Carifesta en het amateurisme
De eerste edities van Carifesta heb ik niet meegemaakt, maar bij de Carifesta’s die ik bewust heb beleefd was amateurisme en provisorisch handelen steeds troef. Het begint met het feit dat deelnemende landen het Carifesta-gebeuren incidentalistisch bekijken en benaderen. Er zijn geen permanente structuren. Op het laatste moment wordt er een nationale commissie samengesteld, al dan niet met een gewichtige naam. Als het goed is, wordt er gesproken over een budget. Weinigen zien echter geld. Van de meeste deelnemende individuen en/of groepen wordt verwacht dat zij de door hen gemaakte – of te maken – kosten voorschieten. Dit leidt tot stagnatie en onzekerheid. Dit heeft gevolgen voor een vlotte voorbereiding. Landen wachten tot het laatste moment om zich te registreren, vele overschrijden deadlines.
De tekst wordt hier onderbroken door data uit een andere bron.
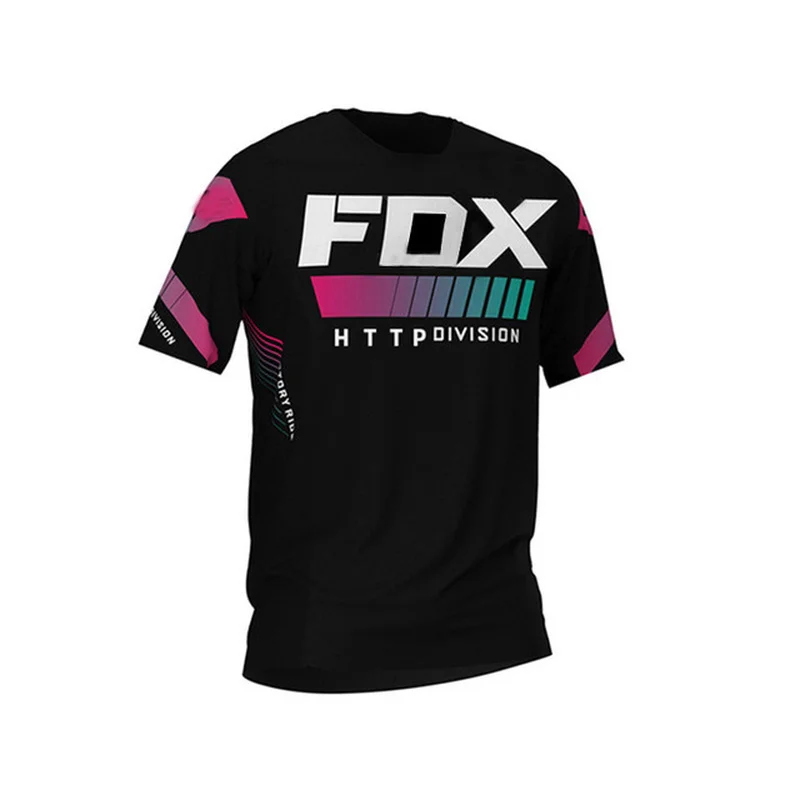 

2021 Motocross Jersey Mtb Downhill Jeresy Fxr Cycling Mountain Bike DH Maillot Ciclismo Hombre Quick Dry Jersey http Fox Jersey
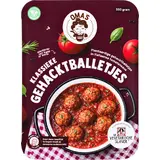 Oma's Gehaktballetjes Tomatensaus Vega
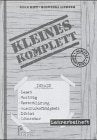 Kleines komplett, Lehrerbeiheft Books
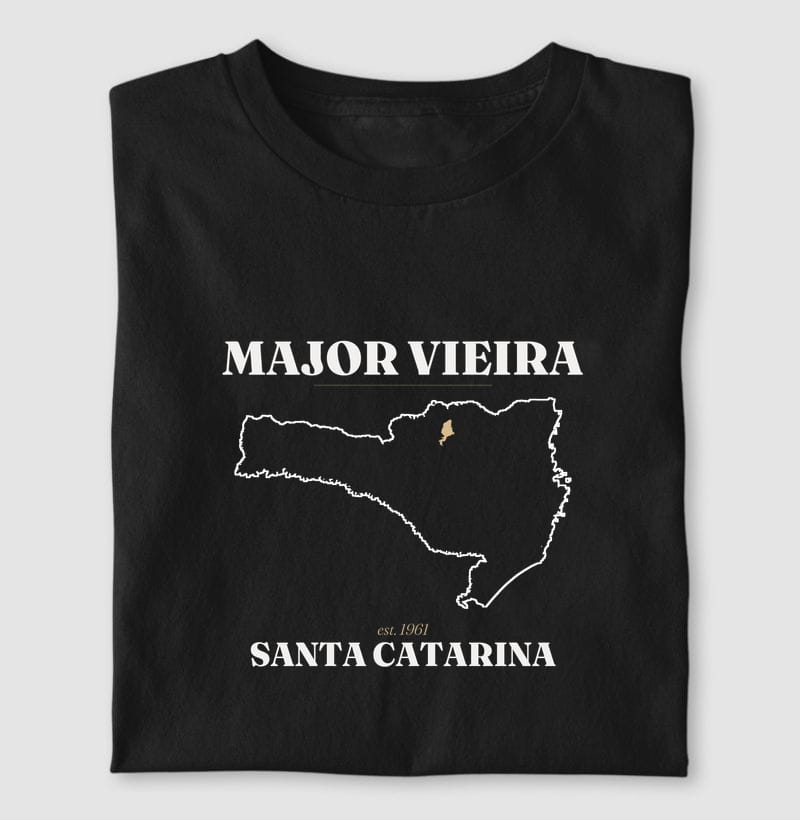 Camiseta Legado de Major Vieira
Door deze werkwijze is het moeilijk voor het organiserende land om te plannen.Tot het laatste moment blijft dat landen niet kunnen aangeven of en met welke sterkte ze zullen deelnemen aan Carifesta.
Het organiserende land blijft tot het laatste moment in het ongewisse wat betreft het aantal landen dat daadwerkelijk zal deelnemen aan Carifesta. Wat de respectieve landen zullen presenteren, is onduidelijk. Delegaties van landen die uiteindelijk wel komen, blijken veel groter of kleiner te zijn dan aanvankelijk was opgegeven. Hoe kan je dan plannen? Plannen, een wezenlijk onderdeel van het proces tot ontwikkeling. Om maar even te refereren aan het thema van Carifesta XI. Doordat de meeste landen zich te laat melden en hetgeen ze zullen presenteren maar summier bekend is, kan er ook geen programma door het organiserende land worden gemaakt.
Carifesta XI
De opening van Carifesta XI was schitterend, maar werd ontsierd door de late aankomst van het staatshoofd en het feit dat grote delen van het volk – waar Carifesta om begonnen is – als apen achter dranghekken moesten worstelen om nog een glimp van al het moois op te vangen. Als organisatie kan je het niet maken dagenlang het volk op te roepen om bij de opening aanwezig te zijn. Vervolgens laat jij je eigen burgers elkaar verdringen achter de dranghekken, omdat ze een kaart – waar de organisatie nooit over gesproken heeft – niet kunnen tonen. Wanneer de organisatie wekenlang bezig is met het bouwen van een podium met een zeer beperkt aantal zitplaatsen, dan kan niet anders worden geconcludeerd dan dat de opening een moedwillige uitsluiting van het volk is geweest.
Geen programma
Aan de dame bij de balie van het Carifesta ‘Head office’ vroeg ik om een programma. Ze kwam haar belofte keurig na. Die middag nog ontving ik een mailtje. Maar dat was geen programma. Het was een opsomming van activiteiten waarvan bij de meeste de plaats en aanvangstijd niet waren vermeld en waarvan – zoals later zou blijken – vele geen voortgang zouden hebben of op een andere locatie dan op die lijst was aangegeven zouden plaatsvinden.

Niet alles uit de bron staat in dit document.